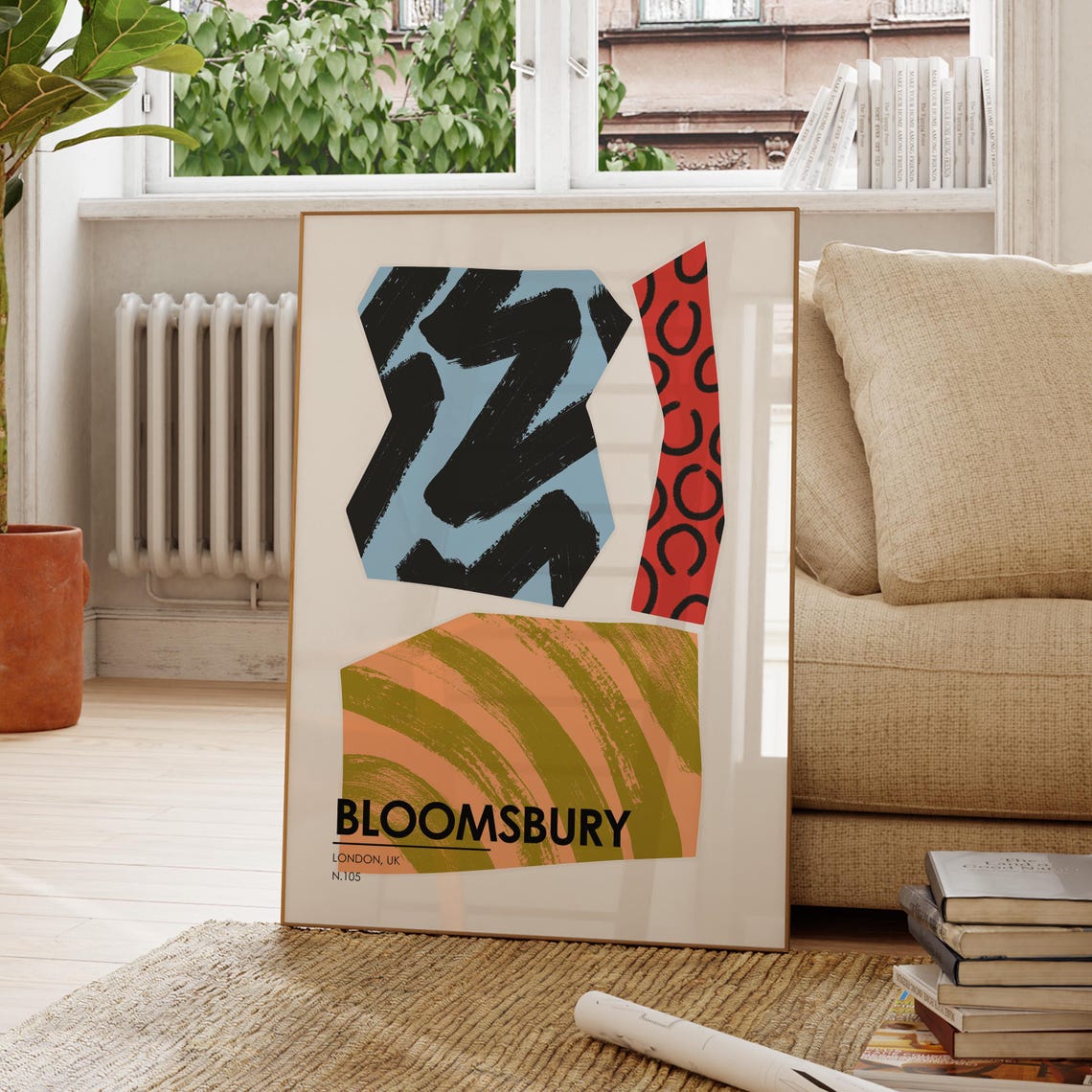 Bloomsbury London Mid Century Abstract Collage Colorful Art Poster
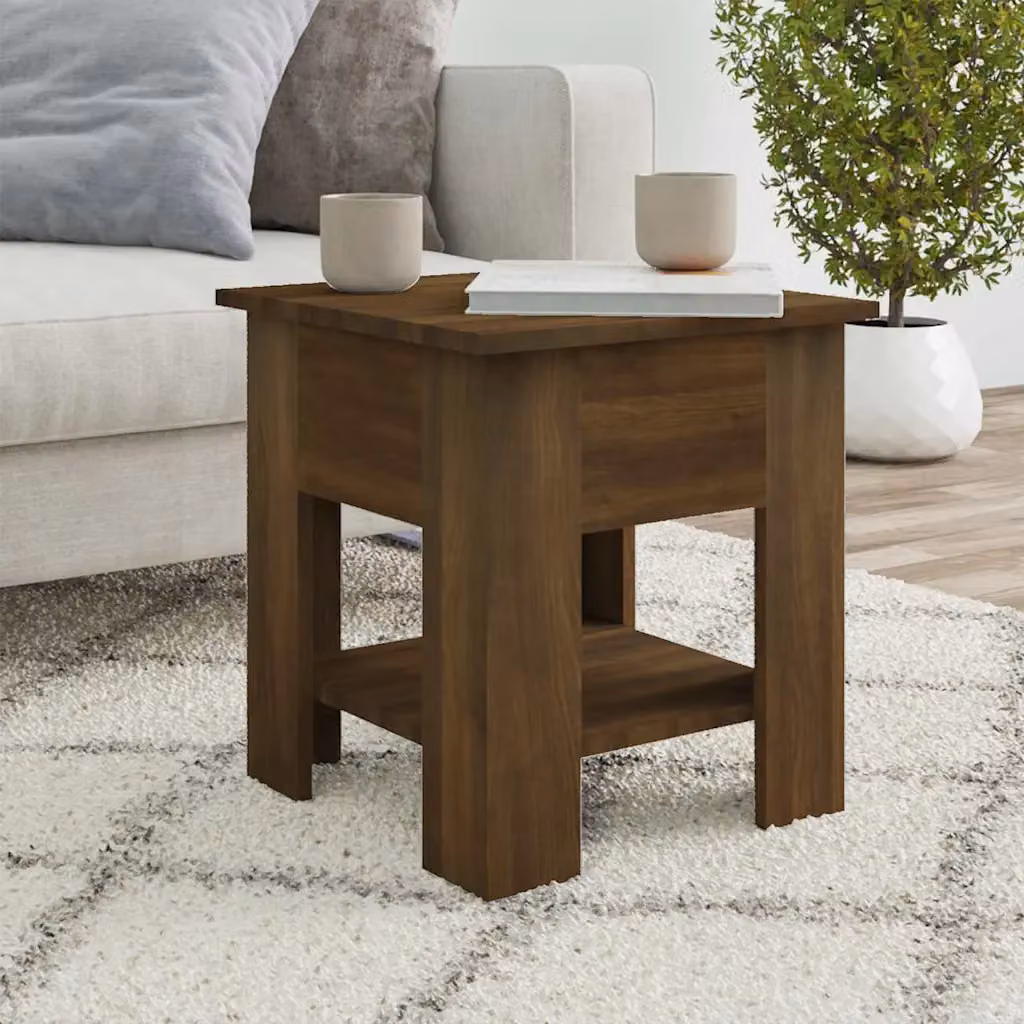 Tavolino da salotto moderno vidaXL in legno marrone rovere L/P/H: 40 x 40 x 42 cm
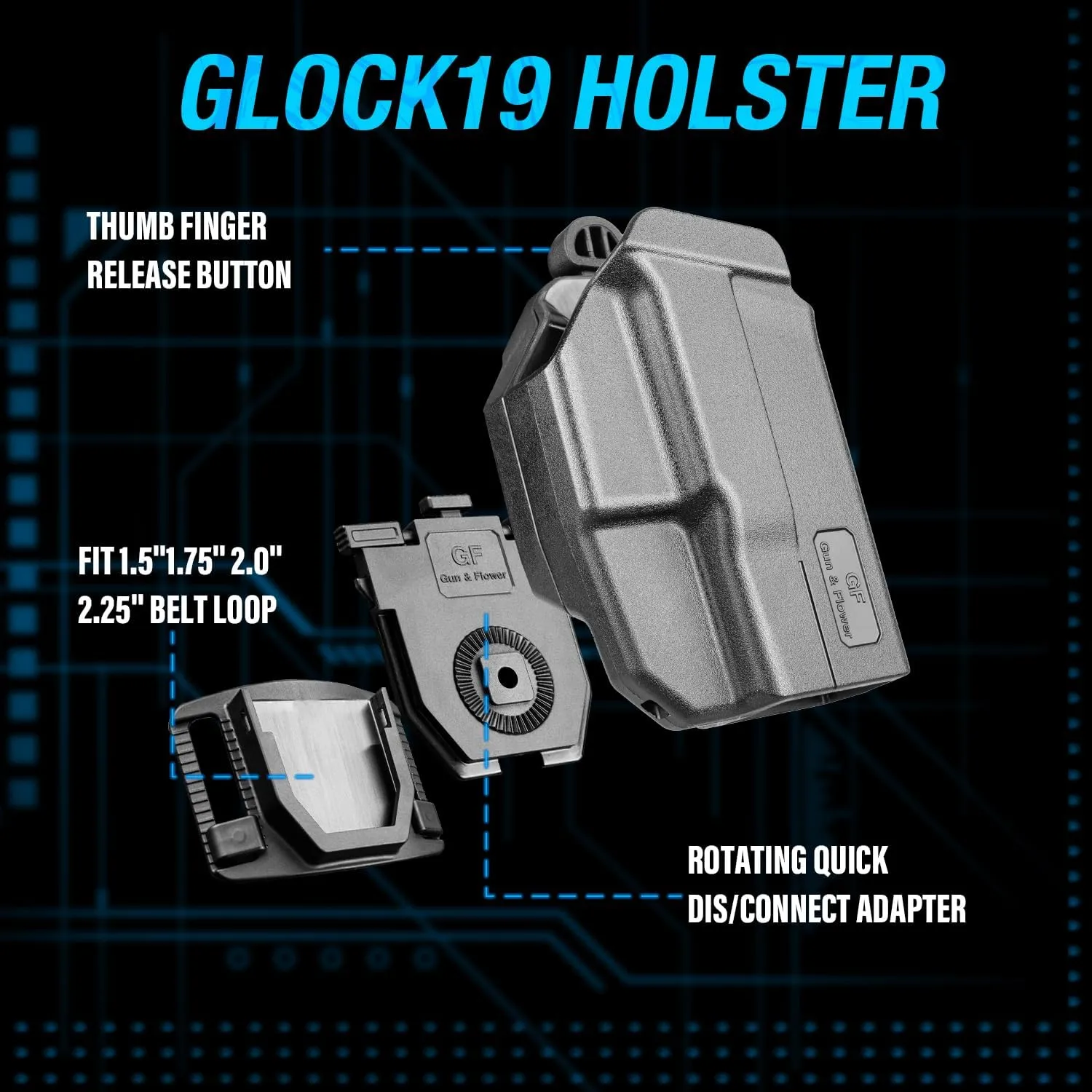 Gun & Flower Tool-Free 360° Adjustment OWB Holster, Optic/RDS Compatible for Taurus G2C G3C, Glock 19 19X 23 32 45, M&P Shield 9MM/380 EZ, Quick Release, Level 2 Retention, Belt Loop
# # # # #
- TASK BRIEF
All lines from the line containing "Tavolino da salotto" through the end of the listing above are to be given again exactly; pictures are not part of the copy.

- ANSWER TO THIS TASK
 Tavolino da salotto moderno vidaXL in legno marrone rovere L/P/H: 40 x 40 x 42 cm
 Gun & Flower Tool-Free 360° Adjustment OWB Holster, Optic/RDS Compatible for Taurus G2C G3C, Glock 19 19X 23 32 45, M&P Shield 9MM/380 EZ, Quick Release, Level 2 Retention, Belt Loop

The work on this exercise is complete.